PPT: Pretraining with Pseudo-Labeled Trajectories for Motion Forecasting
Yihong Xu, Yuan Yin, Eloi zablocki, Tuan-Hung Vu, Alexandre Boulch, Matthieu Cord
AI summary
Problem
Current motion forecasting relies on costly, manually annotated datasets that are hard to scale and introduce domain gaps that limit generalization.
Approach
PPT automatically generates diverse pseudo-labeled trajectories using off-the-shelf 3D detectors and non-learning trackers, then pretrains forecasting models on this data before optional fine-tuning on a small labeled subset.
Key results
- Reduces reliance on human annotations, excelling in low-data regimes (1-10% labeled data).
- Demonstrates that inherent noise and diversity in pseudo-labels improve model robustness.
- Shows post-processing is unnecessary and HD maps are optional for pretraining.
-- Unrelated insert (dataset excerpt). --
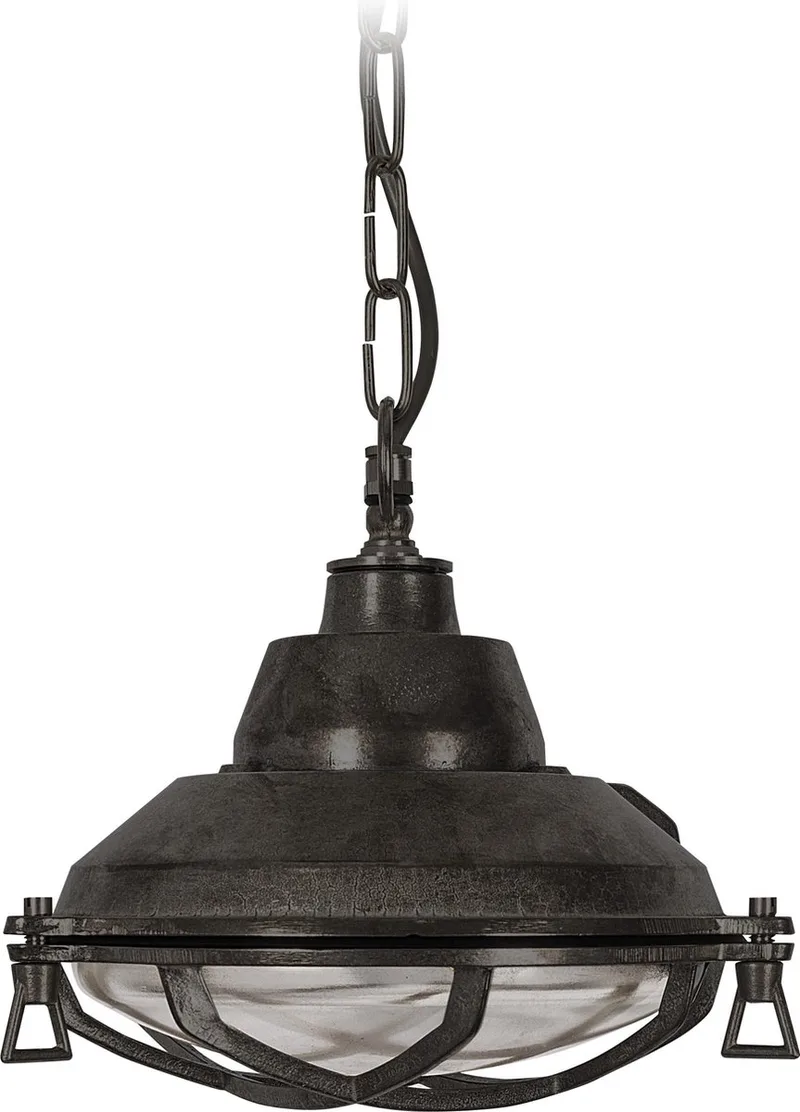 hanglamp - Dover - zwart - E27 - plafondlamp - dimbaar - veranda verlichting - aan ketting von KS Verlichting in Bronze – Produktfoto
- Achieves strong cross-domain, end-to-end, and multi-class generalization.
Why it matters
It provides a scalable, cost-effective pretraining strategy that enables robust motion forecasting across diverse real-world driving environments with minimal labeled data.
Abstract
Accurately predicting how agents move in dynamic scenes is essential for safe autonomous driving. State-of-the- art motion forecasting models rely on datasets with manually annotated or post-processed trajectories. However, building these datasets is costly, generally manual, hard to scale, and lacks reproducibility. They also introduce domain gaps that limit generalization across environments. We introduce PPT (Pretraining with Pseudo-labeled Trajectories), a simple and scalable pretraining framework that uses unprocessed and diverse trajectories automatically generated from off-the-shelf 3D detectors and tracking. Unlike data annotation pipelines aiming for clean, single-label annotations, PPT is a pretraining framework embracing off-the-shelf trajectories as useful signals for learning robust representations. With optional finetuning on a small amount of labeled data, models pretrained with PPT achieve strong performance across standard benchmarks, particularly in low-data regimes, and in cross-domain, end-to- end, and multi-class settings. PPT is easy to implement and improves generalization in motion forecasting.